HOW TO COMPLETE THIS TASK - Would you please copy every line below that includes the string "Single"?

INPUT DATA -
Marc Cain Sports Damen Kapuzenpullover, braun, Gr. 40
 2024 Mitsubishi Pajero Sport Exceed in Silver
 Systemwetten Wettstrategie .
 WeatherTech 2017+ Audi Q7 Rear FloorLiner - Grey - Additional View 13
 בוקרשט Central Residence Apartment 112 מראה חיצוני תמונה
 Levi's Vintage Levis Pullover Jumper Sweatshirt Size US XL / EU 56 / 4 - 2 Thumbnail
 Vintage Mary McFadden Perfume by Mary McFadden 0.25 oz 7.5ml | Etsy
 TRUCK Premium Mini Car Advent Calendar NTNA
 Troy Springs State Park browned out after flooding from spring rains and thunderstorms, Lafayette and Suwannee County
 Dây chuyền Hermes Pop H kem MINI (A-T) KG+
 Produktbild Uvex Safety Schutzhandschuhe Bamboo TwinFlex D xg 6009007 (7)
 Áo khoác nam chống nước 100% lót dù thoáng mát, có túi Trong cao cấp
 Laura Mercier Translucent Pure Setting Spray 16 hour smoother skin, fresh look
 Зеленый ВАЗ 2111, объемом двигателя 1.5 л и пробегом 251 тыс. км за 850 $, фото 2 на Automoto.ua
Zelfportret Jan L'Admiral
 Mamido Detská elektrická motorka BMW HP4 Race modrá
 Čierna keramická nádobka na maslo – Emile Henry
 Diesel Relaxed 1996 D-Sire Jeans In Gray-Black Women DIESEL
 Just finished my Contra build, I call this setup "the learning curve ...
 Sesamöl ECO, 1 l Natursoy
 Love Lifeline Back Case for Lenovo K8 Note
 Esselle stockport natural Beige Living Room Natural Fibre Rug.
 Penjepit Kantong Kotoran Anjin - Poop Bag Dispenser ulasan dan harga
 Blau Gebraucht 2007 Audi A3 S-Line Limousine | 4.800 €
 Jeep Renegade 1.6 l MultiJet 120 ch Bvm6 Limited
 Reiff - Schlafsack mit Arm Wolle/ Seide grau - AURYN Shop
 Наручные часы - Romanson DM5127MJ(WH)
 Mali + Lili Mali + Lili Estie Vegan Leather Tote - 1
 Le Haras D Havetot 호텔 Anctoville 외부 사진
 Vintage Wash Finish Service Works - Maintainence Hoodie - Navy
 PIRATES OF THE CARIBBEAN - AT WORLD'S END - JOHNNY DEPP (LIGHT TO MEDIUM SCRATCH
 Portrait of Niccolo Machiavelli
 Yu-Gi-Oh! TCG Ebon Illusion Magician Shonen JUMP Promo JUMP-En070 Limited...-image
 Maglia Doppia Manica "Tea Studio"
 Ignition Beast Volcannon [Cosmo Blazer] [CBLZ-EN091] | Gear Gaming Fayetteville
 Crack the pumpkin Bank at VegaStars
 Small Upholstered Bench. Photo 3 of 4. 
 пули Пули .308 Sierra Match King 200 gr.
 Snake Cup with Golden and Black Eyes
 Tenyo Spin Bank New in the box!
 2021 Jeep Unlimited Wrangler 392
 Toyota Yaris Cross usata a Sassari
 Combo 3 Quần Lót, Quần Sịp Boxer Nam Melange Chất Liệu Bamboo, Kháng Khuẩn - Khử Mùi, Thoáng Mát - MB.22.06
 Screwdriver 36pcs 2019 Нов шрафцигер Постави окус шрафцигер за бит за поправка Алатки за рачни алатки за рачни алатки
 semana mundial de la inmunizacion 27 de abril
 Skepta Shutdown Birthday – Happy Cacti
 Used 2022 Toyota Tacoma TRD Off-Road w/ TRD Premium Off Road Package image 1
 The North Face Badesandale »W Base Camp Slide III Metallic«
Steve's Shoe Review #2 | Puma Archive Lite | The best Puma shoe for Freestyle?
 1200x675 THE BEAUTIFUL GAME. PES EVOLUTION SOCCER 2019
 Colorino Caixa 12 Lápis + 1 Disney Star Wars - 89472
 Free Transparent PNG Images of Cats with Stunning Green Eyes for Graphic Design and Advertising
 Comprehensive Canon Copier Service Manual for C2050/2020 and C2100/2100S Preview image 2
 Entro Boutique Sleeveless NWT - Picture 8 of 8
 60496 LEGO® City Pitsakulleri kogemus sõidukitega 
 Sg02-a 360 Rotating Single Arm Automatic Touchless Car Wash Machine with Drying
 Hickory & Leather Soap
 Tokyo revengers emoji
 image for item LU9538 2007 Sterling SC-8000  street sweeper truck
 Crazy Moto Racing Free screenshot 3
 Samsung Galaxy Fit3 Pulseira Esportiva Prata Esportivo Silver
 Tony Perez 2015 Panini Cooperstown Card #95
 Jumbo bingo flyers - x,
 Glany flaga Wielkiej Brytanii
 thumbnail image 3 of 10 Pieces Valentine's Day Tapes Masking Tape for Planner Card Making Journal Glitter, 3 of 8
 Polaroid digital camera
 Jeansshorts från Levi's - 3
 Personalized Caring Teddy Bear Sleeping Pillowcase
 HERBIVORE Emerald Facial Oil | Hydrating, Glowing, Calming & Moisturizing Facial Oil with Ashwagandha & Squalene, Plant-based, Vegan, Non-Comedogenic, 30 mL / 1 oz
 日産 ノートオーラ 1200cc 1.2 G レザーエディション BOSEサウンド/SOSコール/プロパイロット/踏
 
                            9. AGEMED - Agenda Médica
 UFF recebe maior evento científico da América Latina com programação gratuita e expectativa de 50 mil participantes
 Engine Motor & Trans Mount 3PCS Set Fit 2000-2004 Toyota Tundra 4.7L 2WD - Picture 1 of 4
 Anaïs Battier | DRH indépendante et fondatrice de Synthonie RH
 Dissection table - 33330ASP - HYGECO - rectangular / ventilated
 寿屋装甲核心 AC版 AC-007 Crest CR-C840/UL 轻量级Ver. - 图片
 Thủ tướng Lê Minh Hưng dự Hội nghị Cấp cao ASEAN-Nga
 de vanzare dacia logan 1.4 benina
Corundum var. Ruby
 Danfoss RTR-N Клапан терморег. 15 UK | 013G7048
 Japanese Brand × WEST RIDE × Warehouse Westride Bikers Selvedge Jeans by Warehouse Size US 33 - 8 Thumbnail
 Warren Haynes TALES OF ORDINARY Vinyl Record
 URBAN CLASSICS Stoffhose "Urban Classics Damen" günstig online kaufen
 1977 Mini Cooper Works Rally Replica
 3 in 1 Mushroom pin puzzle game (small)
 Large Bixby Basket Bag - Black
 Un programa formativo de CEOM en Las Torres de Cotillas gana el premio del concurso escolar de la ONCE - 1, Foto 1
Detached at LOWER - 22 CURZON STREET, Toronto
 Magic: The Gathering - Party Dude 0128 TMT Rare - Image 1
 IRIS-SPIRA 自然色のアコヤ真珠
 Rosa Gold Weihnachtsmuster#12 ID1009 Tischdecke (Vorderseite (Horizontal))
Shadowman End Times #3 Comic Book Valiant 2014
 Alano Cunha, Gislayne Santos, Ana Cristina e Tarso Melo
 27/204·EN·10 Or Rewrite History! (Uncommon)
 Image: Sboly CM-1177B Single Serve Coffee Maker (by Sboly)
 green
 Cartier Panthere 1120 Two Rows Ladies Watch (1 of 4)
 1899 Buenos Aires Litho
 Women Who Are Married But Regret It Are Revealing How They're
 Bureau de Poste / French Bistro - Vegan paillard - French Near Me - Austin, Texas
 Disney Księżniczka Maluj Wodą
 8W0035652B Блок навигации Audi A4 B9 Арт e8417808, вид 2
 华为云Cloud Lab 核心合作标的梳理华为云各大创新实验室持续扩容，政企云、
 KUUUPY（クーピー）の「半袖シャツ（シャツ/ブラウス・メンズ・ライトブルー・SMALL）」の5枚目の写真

EXPECTED ANSWER -
 Sg02-a 360 Rotating Single Arm Automatic Touchless Car Wash Machine with Drying
 Image: Sboly CM-1177B Single Serve Coffee Maker (by Sboly)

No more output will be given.